Intraocular pressure (IOP) monitoring plays a critical role in the management of glaucoma, but traditionally relies on isolated measurements obtained during office hours. These measurements are a poor representation of dynamic IOP fluctuations occurring over a 24-hour period1 and this unrecognized variability may contribute to progressive glaucomatous neurodegeneration.2 Recent intraocular sensor device studies have demonstrated substantial long-term IOP variability in addition to short-term fluctuations.3
In this cross-sectional study, Qassim et al. used mixed-effects linear regression modeling to explore the association between a validated, weighted IOP polygenic risk score (PRS),4 derived from 146 statistically independent IOP-associated single nucleotide polymorphisms, and a variety of ambulatory diurnal IOP measurements, using the Icare HOME (Icare Oy, Vanda, Finland) rebound tonometer, to determine whether genetic markers of high IOP provide useful predictive information about out-of-office IOP measurements.
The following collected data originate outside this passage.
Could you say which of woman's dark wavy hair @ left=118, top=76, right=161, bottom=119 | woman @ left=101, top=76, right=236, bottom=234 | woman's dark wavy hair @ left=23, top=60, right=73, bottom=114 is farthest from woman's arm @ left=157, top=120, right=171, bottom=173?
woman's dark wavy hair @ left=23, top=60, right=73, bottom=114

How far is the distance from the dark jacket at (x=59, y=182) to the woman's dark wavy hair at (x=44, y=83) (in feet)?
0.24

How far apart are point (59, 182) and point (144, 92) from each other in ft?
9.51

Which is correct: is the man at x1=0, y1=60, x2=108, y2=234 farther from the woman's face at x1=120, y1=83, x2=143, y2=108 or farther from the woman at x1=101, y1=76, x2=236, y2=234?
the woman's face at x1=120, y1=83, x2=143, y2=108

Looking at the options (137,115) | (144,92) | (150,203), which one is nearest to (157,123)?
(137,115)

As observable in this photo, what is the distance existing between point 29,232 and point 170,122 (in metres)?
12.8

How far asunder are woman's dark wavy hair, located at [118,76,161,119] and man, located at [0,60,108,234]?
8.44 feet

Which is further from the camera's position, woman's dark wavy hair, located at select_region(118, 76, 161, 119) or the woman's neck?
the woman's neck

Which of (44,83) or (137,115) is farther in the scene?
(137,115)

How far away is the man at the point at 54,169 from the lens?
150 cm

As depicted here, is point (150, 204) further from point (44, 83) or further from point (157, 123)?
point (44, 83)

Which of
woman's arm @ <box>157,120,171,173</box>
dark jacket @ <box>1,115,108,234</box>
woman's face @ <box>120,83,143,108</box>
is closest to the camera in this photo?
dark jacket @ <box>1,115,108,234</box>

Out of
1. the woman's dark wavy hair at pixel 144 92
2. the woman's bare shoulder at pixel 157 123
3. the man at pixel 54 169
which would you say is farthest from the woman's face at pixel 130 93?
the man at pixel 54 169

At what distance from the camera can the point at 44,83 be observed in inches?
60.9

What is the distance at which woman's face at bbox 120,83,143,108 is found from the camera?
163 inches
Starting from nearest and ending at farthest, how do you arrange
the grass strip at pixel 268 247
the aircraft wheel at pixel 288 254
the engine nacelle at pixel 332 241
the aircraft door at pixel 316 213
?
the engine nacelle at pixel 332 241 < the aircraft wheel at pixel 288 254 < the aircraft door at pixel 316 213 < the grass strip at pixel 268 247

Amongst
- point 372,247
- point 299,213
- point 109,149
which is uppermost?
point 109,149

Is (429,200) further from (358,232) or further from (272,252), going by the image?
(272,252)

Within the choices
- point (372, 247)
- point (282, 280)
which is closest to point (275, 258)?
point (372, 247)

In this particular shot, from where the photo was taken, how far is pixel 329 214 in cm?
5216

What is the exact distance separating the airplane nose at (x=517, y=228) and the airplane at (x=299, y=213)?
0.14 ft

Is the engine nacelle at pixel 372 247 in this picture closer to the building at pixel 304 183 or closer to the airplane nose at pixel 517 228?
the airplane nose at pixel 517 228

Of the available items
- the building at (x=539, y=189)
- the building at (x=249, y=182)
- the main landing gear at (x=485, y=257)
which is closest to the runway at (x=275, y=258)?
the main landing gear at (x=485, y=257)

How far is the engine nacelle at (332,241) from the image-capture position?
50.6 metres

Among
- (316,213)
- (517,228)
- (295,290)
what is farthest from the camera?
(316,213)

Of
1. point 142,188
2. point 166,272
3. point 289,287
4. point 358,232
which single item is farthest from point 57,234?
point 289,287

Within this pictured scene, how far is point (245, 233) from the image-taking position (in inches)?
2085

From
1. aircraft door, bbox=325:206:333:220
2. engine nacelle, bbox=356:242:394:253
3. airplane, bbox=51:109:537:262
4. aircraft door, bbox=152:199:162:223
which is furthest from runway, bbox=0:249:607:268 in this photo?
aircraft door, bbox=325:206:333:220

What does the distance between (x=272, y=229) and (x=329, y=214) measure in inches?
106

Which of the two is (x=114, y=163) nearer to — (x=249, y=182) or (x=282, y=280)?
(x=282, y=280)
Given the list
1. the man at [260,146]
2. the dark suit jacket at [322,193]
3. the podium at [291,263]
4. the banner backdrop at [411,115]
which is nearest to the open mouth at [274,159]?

Eyes from participants in the highest IOP PRS quintile had significantly higher maximum early morning IOP (+4.3 mmHg) and mean out-of-office IOP (+2.7 mmHg) compared to those in the lowest quintile and after adjustment for central corneal thickness (CCT) and age. Additionally, the IOP PRS was able to identify individuals with early morning IOP spikes not otherwise detected during in-office hours.
There have been huge recent advances in our understanding of the genetic causes of IOP variation and glaucoma risk. Qassim et al. are to be commended for examining the potential clinical utility of these genetic findings. Genome-wide association studies are frequently criticized for their lack of translational impact and more studies like this are needed.
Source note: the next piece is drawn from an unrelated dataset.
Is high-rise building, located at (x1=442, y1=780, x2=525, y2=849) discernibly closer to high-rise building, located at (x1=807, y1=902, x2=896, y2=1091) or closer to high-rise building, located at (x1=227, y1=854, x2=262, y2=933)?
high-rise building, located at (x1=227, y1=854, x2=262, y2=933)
Genetic risk stratification may prove to be a useful tool in the identification of susceptibility to out-of-office IOP elevation and could guide additional interventions and aid IOP control in high-risk patients. However, the findings from this study require validation in non-European populations and replication in additional cohorts. Additionally, prospective studies will be needed to determine whether knowledge of an individual's PRS meaningfully impacts their disease trajectory using hard endpoints. It has previously been demonstrated that knowledge of a key IOP-influencing genetic variant in TMCO1 can improve prediction of which patients with ocular hypertension convert to glaucoma.5 This current study adds to the evidence supporting a role for more personalized glaucoma care being enabled by genomic prediction.